• [EXERCISE BRIEF]: Using the listing below, set down each line from the line containing "Morphy Richards Equip" through the line containing "Flauschiger Pullover mit", both ends included, exactly and with nothing added.

• [SUPPLIED RECORDS]:
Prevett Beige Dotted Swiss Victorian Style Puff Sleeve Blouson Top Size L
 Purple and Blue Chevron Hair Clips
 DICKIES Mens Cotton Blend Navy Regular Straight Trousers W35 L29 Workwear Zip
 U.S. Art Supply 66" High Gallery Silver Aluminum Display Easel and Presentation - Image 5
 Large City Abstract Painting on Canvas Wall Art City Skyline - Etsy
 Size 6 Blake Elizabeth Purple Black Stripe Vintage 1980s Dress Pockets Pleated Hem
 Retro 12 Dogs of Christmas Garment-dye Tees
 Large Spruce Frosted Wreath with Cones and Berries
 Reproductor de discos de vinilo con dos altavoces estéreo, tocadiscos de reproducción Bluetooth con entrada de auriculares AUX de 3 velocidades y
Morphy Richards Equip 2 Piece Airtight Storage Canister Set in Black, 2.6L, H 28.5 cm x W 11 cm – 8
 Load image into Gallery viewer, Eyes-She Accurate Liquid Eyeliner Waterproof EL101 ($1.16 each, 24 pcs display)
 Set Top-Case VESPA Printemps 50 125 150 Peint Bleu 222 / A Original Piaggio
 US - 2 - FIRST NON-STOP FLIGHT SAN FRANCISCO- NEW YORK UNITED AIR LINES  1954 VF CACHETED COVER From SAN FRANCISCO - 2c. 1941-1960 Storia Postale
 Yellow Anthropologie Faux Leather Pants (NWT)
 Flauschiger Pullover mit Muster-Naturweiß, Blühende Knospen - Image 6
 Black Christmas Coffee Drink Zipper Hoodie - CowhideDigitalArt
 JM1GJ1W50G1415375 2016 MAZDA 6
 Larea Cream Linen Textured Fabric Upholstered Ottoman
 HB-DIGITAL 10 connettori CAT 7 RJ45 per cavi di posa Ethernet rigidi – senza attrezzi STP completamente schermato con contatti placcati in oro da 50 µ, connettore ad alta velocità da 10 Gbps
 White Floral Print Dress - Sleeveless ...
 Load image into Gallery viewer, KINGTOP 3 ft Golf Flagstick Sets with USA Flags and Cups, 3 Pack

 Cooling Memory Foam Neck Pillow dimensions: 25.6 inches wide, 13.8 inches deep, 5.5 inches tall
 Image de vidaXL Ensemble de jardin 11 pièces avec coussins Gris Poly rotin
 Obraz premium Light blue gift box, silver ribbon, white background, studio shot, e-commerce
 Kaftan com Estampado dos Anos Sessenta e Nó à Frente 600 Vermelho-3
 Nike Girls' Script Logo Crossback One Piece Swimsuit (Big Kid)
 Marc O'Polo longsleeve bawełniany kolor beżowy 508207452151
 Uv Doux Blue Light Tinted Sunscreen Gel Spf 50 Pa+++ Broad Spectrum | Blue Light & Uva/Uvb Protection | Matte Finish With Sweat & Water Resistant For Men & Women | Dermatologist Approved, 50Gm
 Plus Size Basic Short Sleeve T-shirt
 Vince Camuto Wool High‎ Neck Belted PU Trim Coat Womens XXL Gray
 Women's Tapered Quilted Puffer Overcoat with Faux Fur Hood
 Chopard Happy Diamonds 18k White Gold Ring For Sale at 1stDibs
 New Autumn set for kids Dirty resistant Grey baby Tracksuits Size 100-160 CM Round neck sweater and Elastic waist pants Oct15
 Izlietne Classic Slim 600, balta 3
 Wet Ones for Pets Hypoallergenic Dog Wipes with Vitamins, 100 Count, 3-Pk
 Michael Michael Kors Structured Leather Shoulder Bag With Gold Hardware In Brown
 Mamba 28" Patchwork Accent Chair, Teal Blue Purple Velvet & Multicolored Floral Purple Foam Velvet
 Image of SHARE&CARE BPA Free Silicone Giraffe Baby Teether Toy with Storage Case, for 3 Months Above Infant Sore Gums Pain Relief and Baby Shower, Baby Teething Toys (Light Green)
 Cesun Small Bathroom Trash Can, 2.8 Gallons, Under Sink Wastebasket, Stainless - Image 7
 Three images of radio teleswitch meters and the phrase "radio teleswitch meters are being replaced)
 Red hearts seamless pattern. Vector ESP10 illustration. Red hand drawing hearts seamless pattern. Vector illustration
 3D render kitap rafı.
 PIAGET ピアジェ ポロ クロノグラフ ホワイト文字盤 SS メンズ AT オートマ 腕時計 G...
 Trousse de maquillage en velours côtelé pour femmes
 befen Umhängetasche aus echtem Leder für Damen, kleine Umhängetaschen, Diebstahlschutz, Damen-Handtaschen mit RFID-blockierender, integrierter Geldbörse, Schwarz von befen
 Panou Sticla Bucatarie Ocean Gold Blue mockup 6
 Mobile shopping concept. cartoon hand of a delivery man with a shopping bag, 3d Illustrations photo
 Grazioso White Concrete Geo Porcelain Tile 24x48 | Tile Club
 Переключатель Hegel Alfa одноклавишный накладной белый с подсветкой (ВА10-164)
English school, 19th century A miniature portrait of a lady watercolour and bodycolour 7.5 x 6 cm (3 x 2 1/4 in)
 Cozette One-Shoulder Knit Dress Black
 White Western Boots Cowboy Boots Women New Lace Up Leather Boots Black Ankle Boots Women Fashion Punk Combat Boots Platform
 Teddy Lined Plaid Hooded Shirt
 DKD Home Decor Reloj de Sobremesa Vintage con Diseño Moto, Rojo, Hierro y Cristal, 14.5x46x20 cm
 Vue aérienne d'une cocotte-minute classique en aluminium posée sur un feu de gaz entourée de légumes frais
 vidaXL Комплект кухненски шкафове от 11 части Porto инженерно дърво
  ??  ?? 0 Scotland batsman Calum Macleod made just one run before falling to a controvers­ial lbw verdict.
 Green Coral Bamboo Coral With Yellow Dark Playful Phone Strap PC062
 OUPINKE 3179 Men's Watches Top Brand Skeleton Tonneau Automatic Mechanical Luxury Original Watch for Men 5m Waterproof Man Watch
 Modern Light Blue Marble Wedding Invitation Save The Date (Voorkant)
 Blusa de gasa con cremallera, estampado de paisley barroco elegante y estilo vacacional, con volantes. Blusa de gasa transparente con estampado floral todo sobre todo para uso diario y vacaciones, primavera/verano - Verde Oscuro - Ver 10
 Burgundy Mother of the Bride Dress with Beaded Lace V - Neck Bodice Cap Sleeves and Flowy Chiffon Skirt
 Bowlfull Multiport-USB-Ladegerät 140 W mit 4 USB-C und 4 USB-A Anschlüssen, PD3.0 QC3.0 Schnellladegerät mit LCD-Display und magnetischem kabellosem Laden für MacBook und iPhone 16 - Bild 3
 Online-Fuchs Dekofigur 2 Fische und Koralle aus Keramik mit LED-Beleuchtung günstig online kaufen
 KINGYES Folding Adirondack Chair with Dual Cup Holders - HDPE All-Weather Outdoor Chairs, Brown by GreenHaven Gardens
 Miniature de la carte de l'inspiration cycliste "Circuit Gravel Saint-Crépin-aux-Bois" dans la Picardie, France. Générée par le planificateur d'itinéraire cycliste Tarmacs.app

• [FINISHED TASK]:
Morphy Richards Equip 2 Piece Airtight Storage Canister Set in Black, 2.6L, H 28.5 cm x W 11 cm – 8
 Load image into Gallery viewer, Eyes-She Accurate Liquid Eyeliner Waterproof EL101 ($1.16 each, 24 pcs display)
 Set Top-Case VESPA Printemps 50 125 150 Peint Bleu 222 / A Original Piaggio
 US - 2 - FIRST NON-STOP FLIGHT SAN FRANCISCO- NEW YORK UNITED AIR LINES  1954 VF CACHETED COVER From SAN FRANCISCO - 2c. 1941-1960 Storia Postale
 Yellow Anthropologie Faux Leather Pants (NWT)
 Flauschiger Pullover mit Muster-Naturweiß, Blühende Knospen - Image 6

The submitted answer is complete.